#### EXERCISE
Only one part of the listing is needed: the lines from the one with "Camicie casual da" through the last line, copied exactly and free of pictures.
*** DATA SECTION Section Begins ***
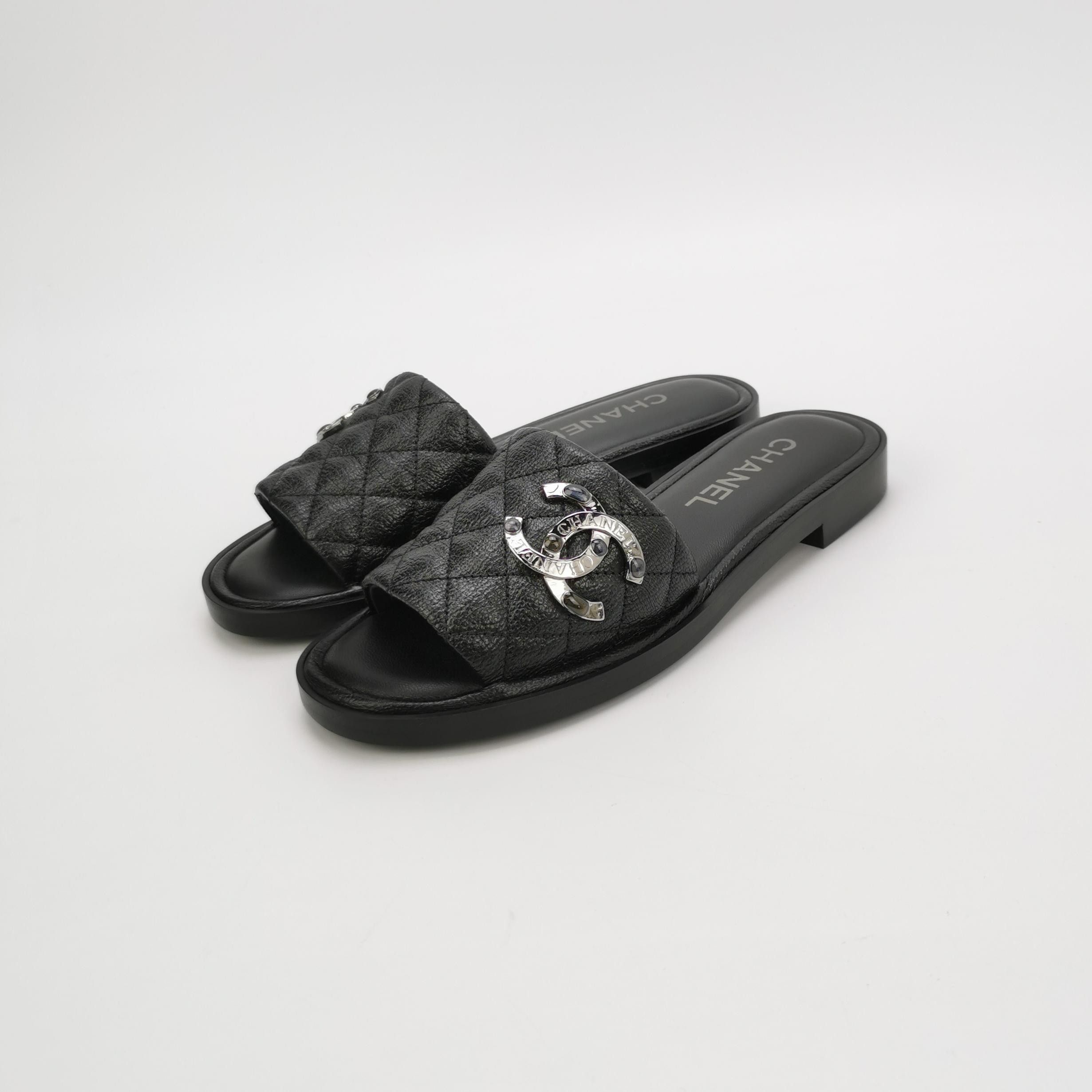 Chanel Chanel Women 5-5 Sandals Size US 5.5 / IT 35.5 - 2 Thumbnail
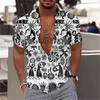Camicie casual da uomo Camicetta a maniche corte da uomo tropicale hawaiana stampata in 3D Camicetta a maniche corte da vacanza al mare Harajuku 5xl Maglietta oversize da uomo 230726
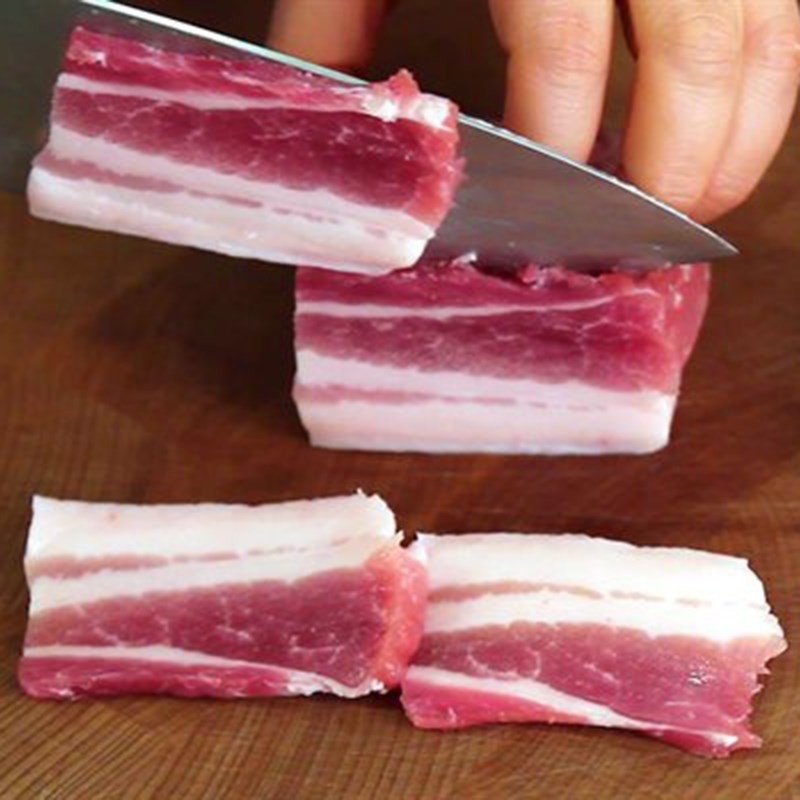 Sơ chế chuối xanh và các nguyên liệu khác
*** DATA SECTION Section Ends ***
#### RESPONSE AREA
Camicie casual da uomo Camicetta a maniche corte da uomo tropicale hawaiana stampata in 3D Camicetta a maniche corte da vacanza al mare Harajuku 5xl Maglietta oversize da uomo 230726
 Sơ chế chuối xanh và các nguyên liệu khác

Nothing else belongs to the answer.